“When it comes to social climbing, such as Heather never lets politics get in the way, hence her friendship with Jane. Hates romance writers. There’s still plenty of first-class romance writers around, but she reserves her venom for what used to be called novelettes, you know, the laird and the country girl, or the advertising exec and the secretary. It’s still the laird and the country girl or whatever, but with lashings of sex thrown in. Nothing too vulgar. Lots of euphemisms. She says all their royalties should be taken from them by the government and given to writers’ workshops to help the up and coming intellectual. She’s about fifty-three. I would say Diarmuid is a bit younger.
“I don’t think there’s much more to Diarmuid than what you see. He is a supremely vain man and yet appears proud of his unlikeable wife. That atmosphere between them this morning was totally new. He’s in real estate, so he can’t be doing too well at the moment with the fall in the market.

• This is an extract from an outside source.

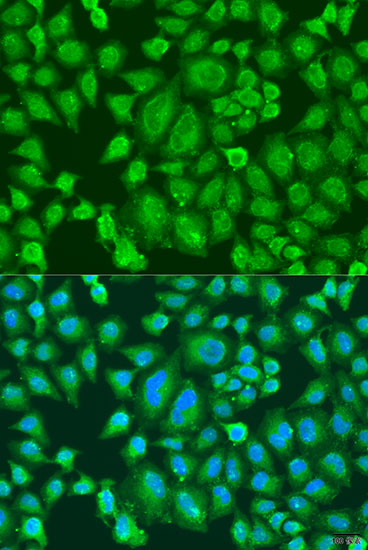 Immunofluorescence - PARL Polyclonal Antibody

“John Wetherby. Well, that seems to have been an odd marriage. He delights in running Jane down. I sometimes wonder if she had affairs to score off him. I sometimes wonder if she had any affairs at all. She is a good business woman, but I can’t seem to find anything deeper than what you see on the surface. John is a successful banister, opinionated to the point of smugness. Why he accepted Jane’s invitation I do not know. I cannot see one trace of affection in his manner towards her. I gather he is a trifle mean and Jane told me he probably jumped at the idea of a free holiday.”

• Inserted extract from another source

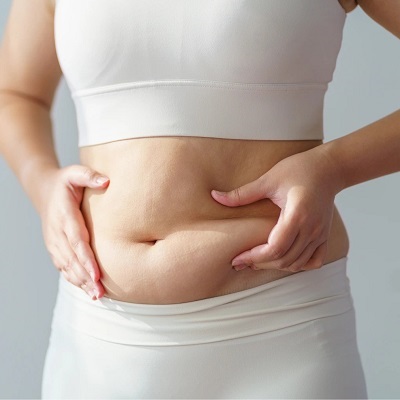 Abdominoplasty Cost in Islamabad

Hamish winced and said quickly, “And the Carpenters?”
“He’s got a farm in north Yorkshire. At first when I saw them flirting with each other and cooing at each other, I thought that marriage looked too good to be true, but I think they are a genuinely nice and rather innocent couple.”
“And Harriet Shaw?”
She smiled and he liked the way her eyes crinkled up.
“Widow, no children, writes cookery books which are moderately successful. Gets money from occasional television programmes and cookery articles for magazines. Wonders what she is doing on this bleak island talking about suspects to a policeman.”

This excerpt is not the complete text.